Another group of commands makes the ptrace-stopped tracee run. They have the form:
ptrace(cmd, pid, 0, sig);
where cmd is PTRACE_CONT, PTRACE_LISTEN, PTRACE_DETACH, PTRACE_SYSCALL, PTRACE_SINGLESTEP,
PTRACE_SYSEMU, or PTRACE_SYSEMU_SINGLESTEP. If the tracee is in signal-delivery-stop, sig
is the signal to be injected (if it is nonzero). Otherwise, sig may be ignored. (When
restarting a tracee from a ptrace-stop other than signal-delivery-stop, recommended
practice is to always pass 0 in sig.)
Attaching and detaching
A thread can be attached to the tracer using the call
ptrace(PTRACE_ATTACH, pid, 0, 0);
or
ptrace(PTRACE_SEIZE, pid, 0, PTRACE_O_flags);
PTRACE_ATTACH sends SIGSTOP to this thread. If the tracer wants this SIGSTOP to have no
effect, it needs to suppress it. Note that if other signals are concurrently sent to this
thread during attach, the tracer may see the tracee enter signal-delivery-stop with other
signal(s) first! The usual practice is to reinject these signals until SIGSTOP is seen,
then suppress SIGSTOP injection. The design bug here is that a ptrace attach and a
concurrently delivered SIGSTOP may race and the concurrent SIGSTOP may be lost.
Since attaching sends SIGSTOP and the tracer usually suppresses it, this may cause a stray
EINTR return from the currently executing system call in the tracee, as described in the
"Signal injection and suppression" section.
Since Linux 3.4, PTRACE_SEIZE can be used instead of PTRACE_ATTACH. PTRACE_SEIZE does not
stop the attached process. If you need to stop it after attach (or at any other time)
without sending it any signals, use PTRACE_INTERRUPT command.
The request
ptrace(PTRACE_TRACEME, 0, 0, 0);
turns the calling thread into a tracee. The thread continues to run (doesn't enter
ptrace-stop). A common practice is to follow the PTRACE_TRACEME with
raise(SIGSTOP);
and allow the parent (which is our tracer now) to observe our signal-delivery-stop.
If the PTRACE_O_TRACEFORK, PTRACE_O_TRACEVFORK, or PTRACE_O_TRACECLONE options are in
effect, then children created by, respectively, vfork(2) or clone(2) with the CLONE_VFORK
flag, fork(2) or clone(2) with the exit signal set to SIGCHLD, and other kinds of
clone(2), are automatically attached to the same tracer which traced their parent.
SIGSTOP is delivered to the children, causing them to enter signal-delivery-stop after
they exit the system call which created them.
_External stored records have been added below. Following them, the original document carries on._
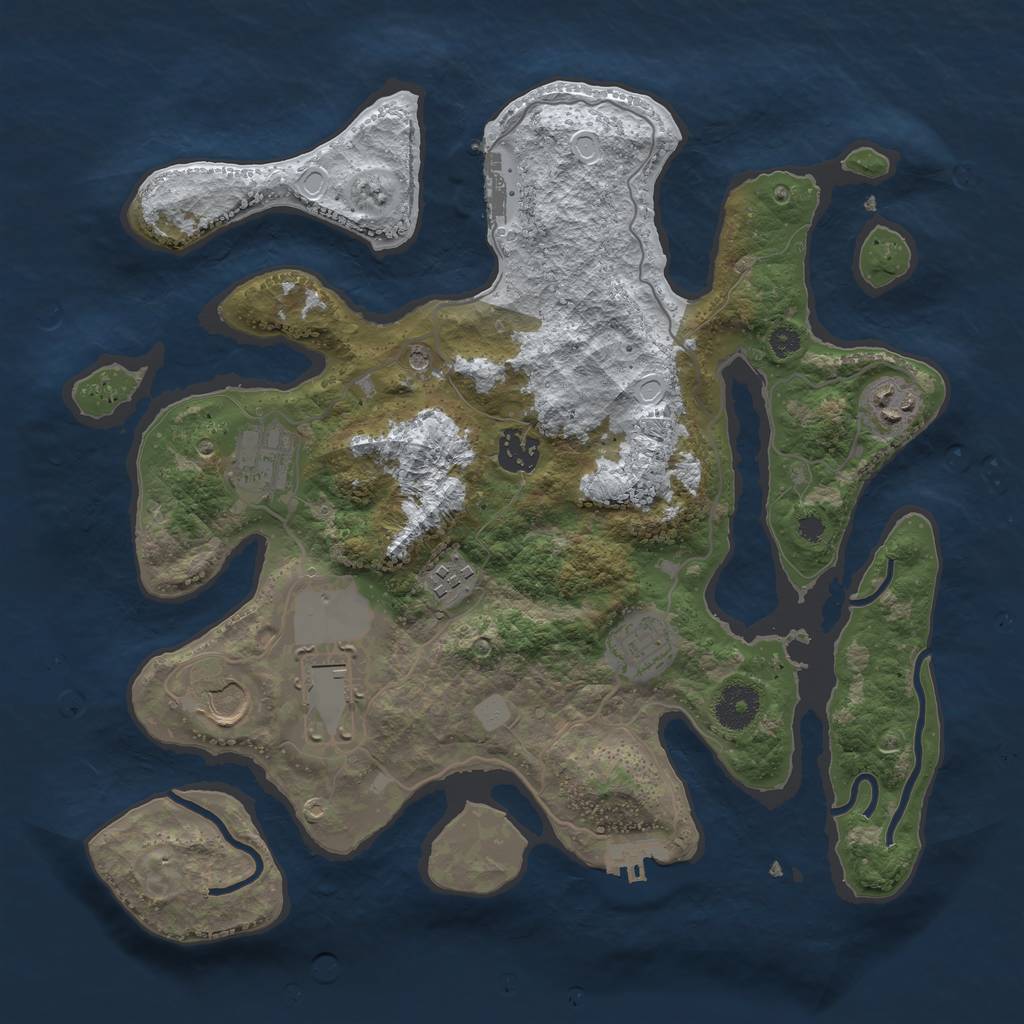 Rust Map: Procedural Map, Size: 3500, Seed: 1591585, 15 Monuments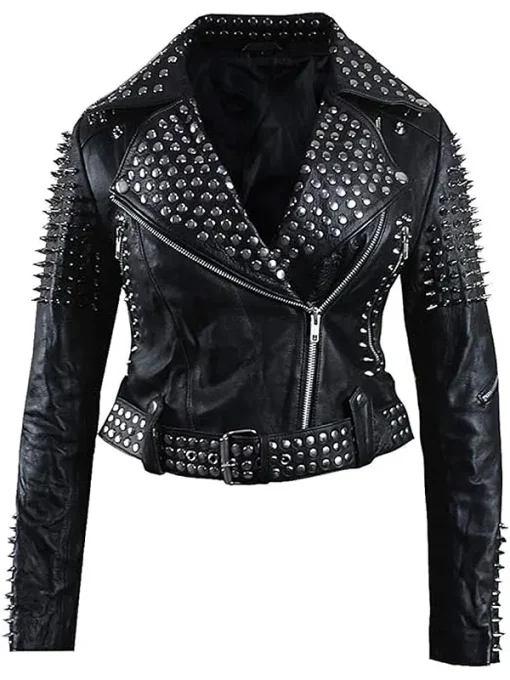 Cropped Leather Jacket with Studs for Women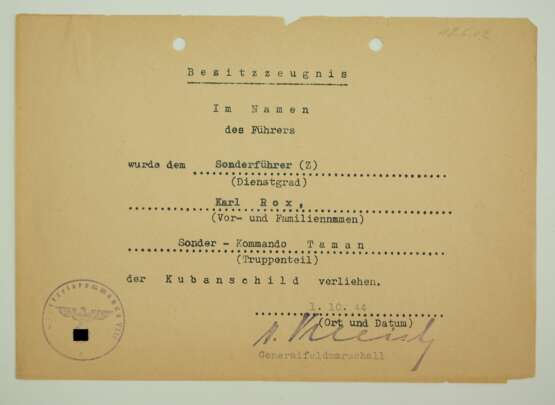 Kubanschild Urkunde für einen Sonderführer (Z) des Sonder-Kommando Taman. - Foto 1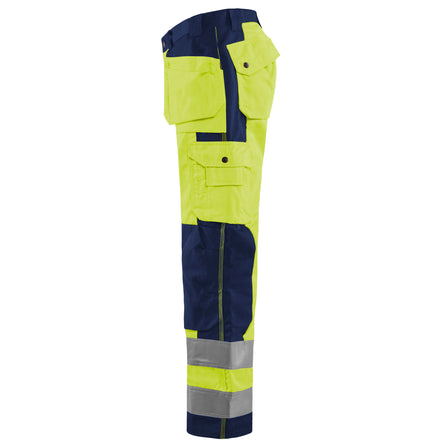 Blaklader 1533 Hi Vis Trousers Hi Vis Yellow Navy Blue Left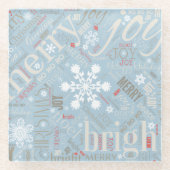 Kersttekst en Snowflake Pattern Blue ID257 Glazen Onderzetter (Voorkant)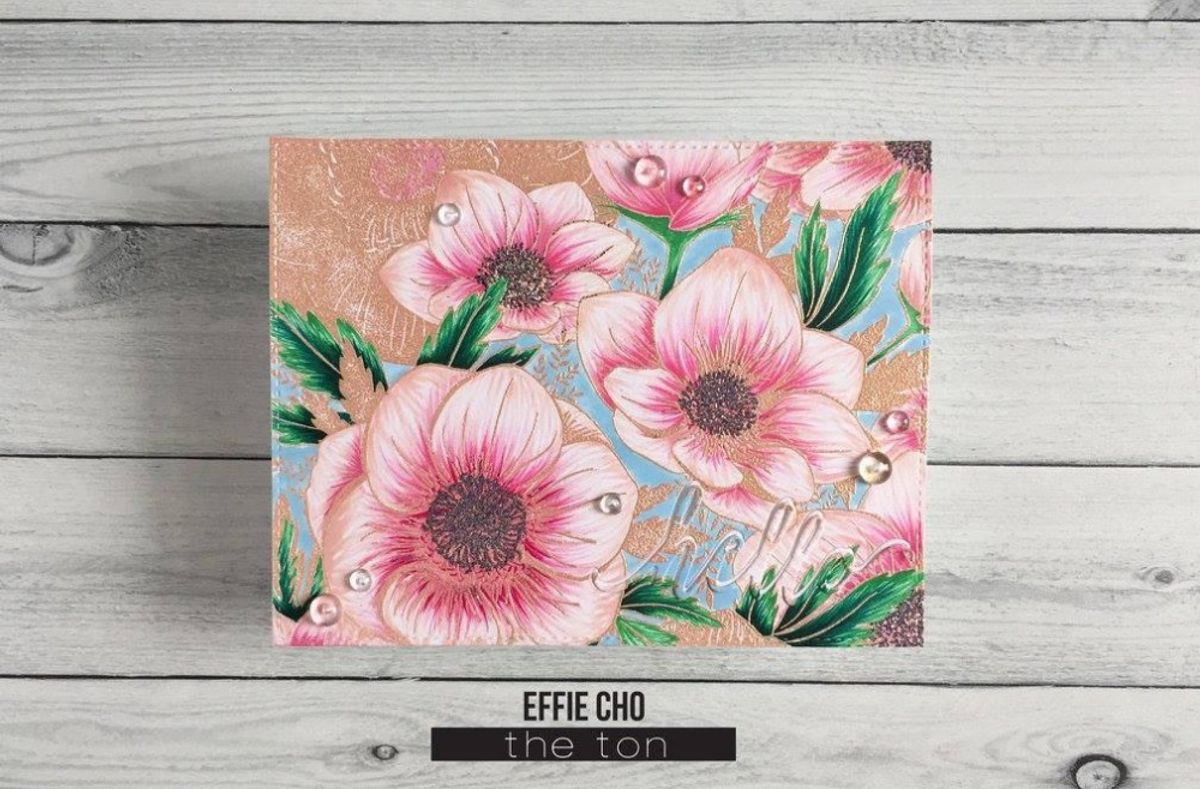 The Ton Anemone Garden Cling Background stamp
Detaching of the tracee is performed by:
ptrace(PTRACE_DETACH, pid, 0, sig);
PTRACE_DETACH is a restarting operation; therefore it requires the tracee to be in ptrace-
stop. If the tracee is in signal-delivery-stop, a signal can be injected. Otherwise, the
sig parameter may be silently ignored.
If the tracee is running when the tracer wants to detach it, the usual solution is to send
SIGSTOP (using tgkill(2), to make sure it goes to the correct thread), wait for the tracee
to stop in signal-delivery-stop for SIGSTOP and then detach it (suppressing SIGSTOP
injection). A design bug is that this can race with concurrent SIGSTOPs. Another
complication is that the tracee may enter other ptrace-stops and needs to be restarted and
waited for again, until SIGSTOP is seen. Yet another complication is to be sure that the
tracee is not already ptrace-stopped, because no signal delivery happens while it is—not
even SIGSTOP.
If the tracer dies, all tracees are automatically detached and restarted, unless they were
in group-stop. Handling of restart from group-stop is currently buggy, but the "as
planned" behavior is to leave tracee stopped and waiting for SIGCONT. If the tracee is
restarted from signal-delivery-stop, the pending signal is injected.
execve(2) under ptrace
When one thread in a multithreaded process calls execve(2), the kernel destroys all other
threads in the process, and resets the thread ID of the execing thread to the thread group
ID (process ID). (Or, to put things another way, when a multithreaded process does an
execve(2), at completion of the call, it appears as though the execve(2) occurred in the
thread group leader, regardless of which thread did the execve(2).) This resetting of the
thread ID looks very confusing to tracers:
* All other threads stop in PTRACE_EVENT_EXIT stop, if the PTRACE_O_TRACEEXIT option was
turned on. Then all other threads except the thread group leader report death as if
they exited via _exit(2) with exit code 0.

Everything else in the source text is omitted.